(WHAT THE EXERCISE ASKS)
Return the listing exactly. Keep no pictures.

(DATA)
────

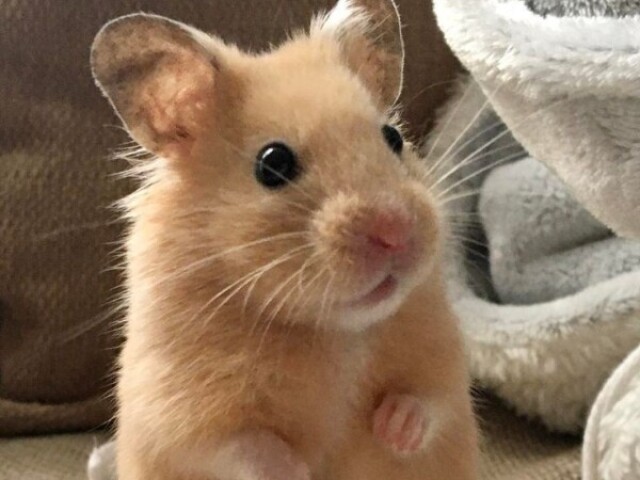 Hamster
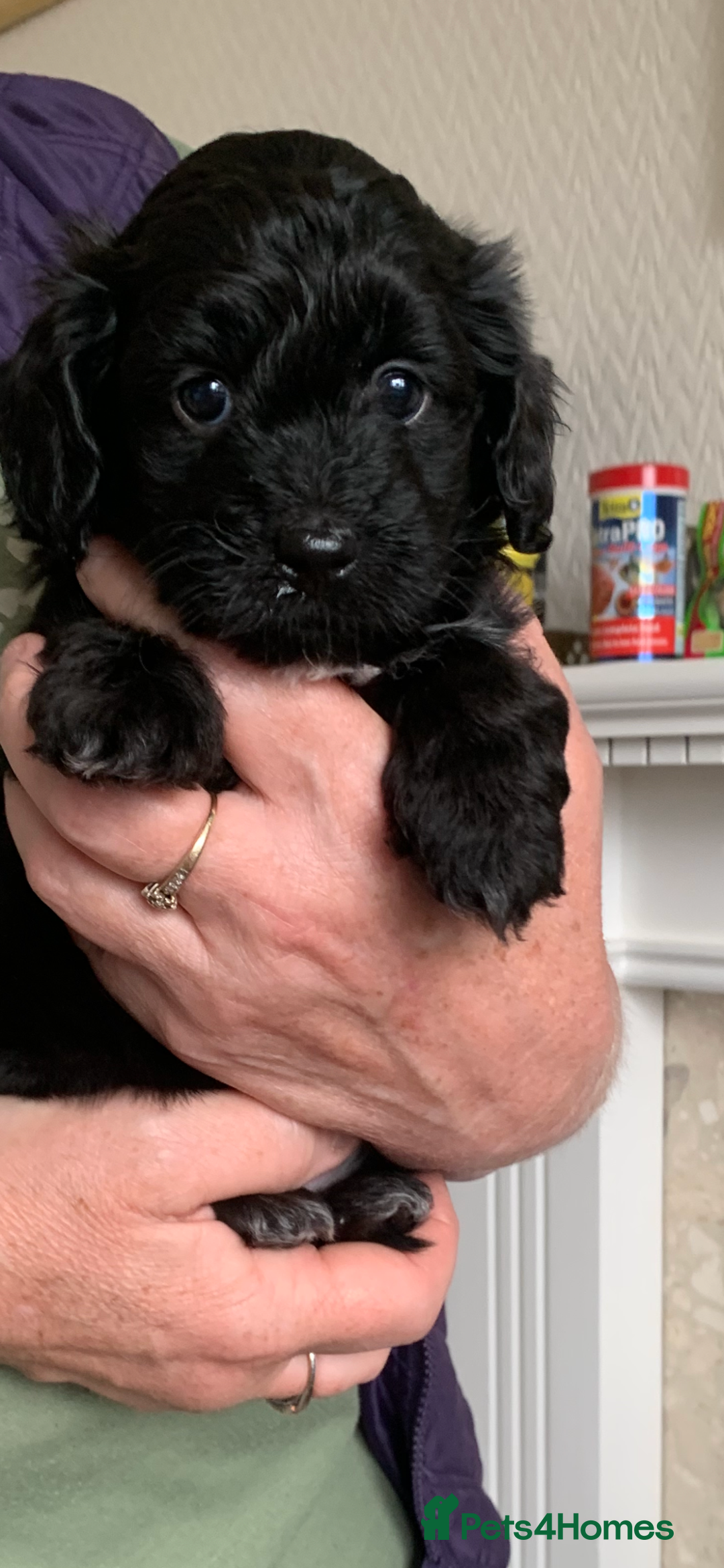 Shihpoo dogs for sale: Health tested shihpoo x toy poodle pups  - Image 8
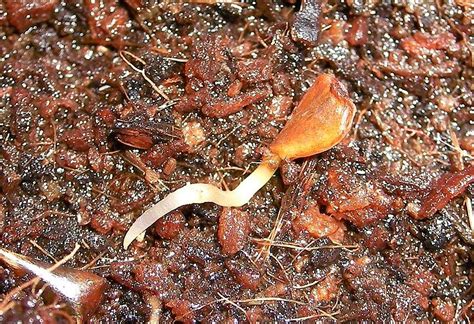 Seed Of The Week Coast Redwood Growing With Science Blog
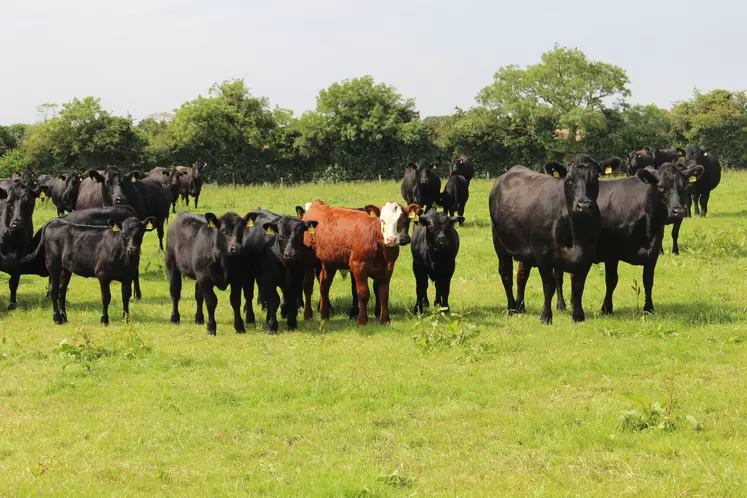 vaches suitées Angus en Irlande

────

(ANSWER AREA)
 Hamster
 Shihpoo dogs for sale: Health tested shihpoo x toy poodle pups  - Image 8
 Seed Of The Week Coast Redwood Growing With Science Blog
 vaches suitées Angus en Irlande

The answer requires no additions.